Jim Coppess, associate general counsel for the AFL-CIO, discounted the criticism. He said the Labor Department’s recent moves did nothing to affect the transparency of union financial reports or the ability of federal regulators to monitor expenditures.

“All the department has done is propose the withdrawal of a rule hastily adopted on the very last day of the Bush administration and an examination of the actual costs and benefits of extensive reporting requirements imposed on unions in 2003 as the basis for possible future changes,” he wrote in an e-mail to The Washington Times.

Ms. Greenberg’s new role at Labor has prompted Mr. Mix and his group to file a Freedom of Information Act request seeking details about whether she or any other union leaders played a role in the union’s financial disclosure policies.

Ms. Greenfield declined an interview request, although Labor Department spokeswoman Amy Louviere said she is “complying with the president’s ethical guidelines.”

Last year, Ms. Greenfield and AFL-CIO attorneys sued Labor, saying the new conflict of interest forms would force thousands of unpaid union shop stewards to report detailed information about their finances to the department each year.

“Treating individuals, such as shop stewards, who are not on their union’s payroll as ’employees of a labor organization’ sweeps tens of thousands of rank and file union members” into the new reporting requirements, Ms. Greenfield and other union attorneys argued in a 51-page court filing.

Under the Bush administration, the department defended the rules in court. In court filings, government attorneys argued that the new rules were needed to “bring to light a wide variety of financial transactions and arrangements – whether proper or improper – that pose conflicts of interest arising from the relationships between unions, their officers and employees, employers and businesses.”

Ms. Greenfield’s job transfer is one of several appointments that suggest organized labor will hold much greater sway in the Obama administration than during the Bush years.
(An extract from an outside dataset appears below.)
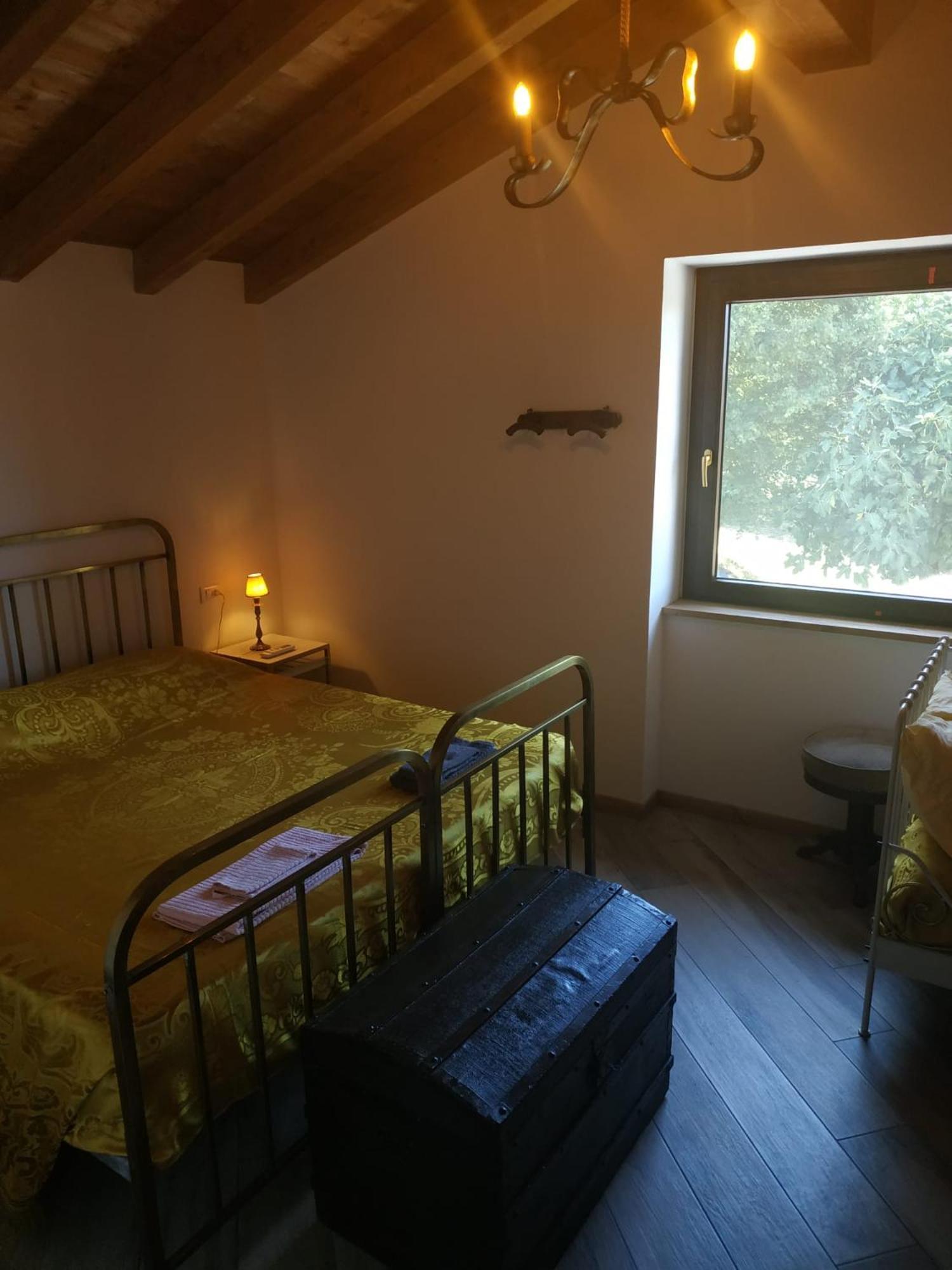 La Vecchia Stalla 카스틸리오네 델 페폴리 외부 사진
Organized labor, which spent tens of millions of dollars helping to elect Barack Obama as president, has other likely allies, including:

• Patrick Gaspard, White House political affairs director, who worked at the Service Employees International Union.
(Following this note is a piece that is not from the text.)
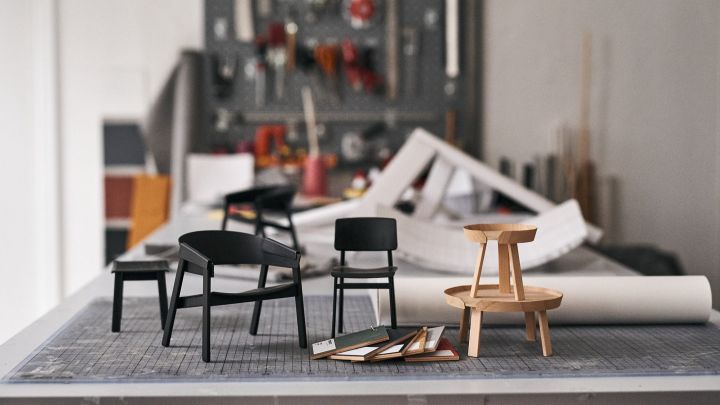 Designprototyper på Cover lounge-stol och soffbordet Around från Thomas Bentzen.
• T. Michael Kerr, who served as assistant to the secretary-treasurer at SEIU in charge of finance and administration before he was picked to serve as assistant secretary for administration and management at Labor.

In her new job, Ms. Greenfield is in charge of the department’s executive secretariat office, which handles incoming correspondence to Ms. Solis, as well as memoranda and other documents from throughout the department.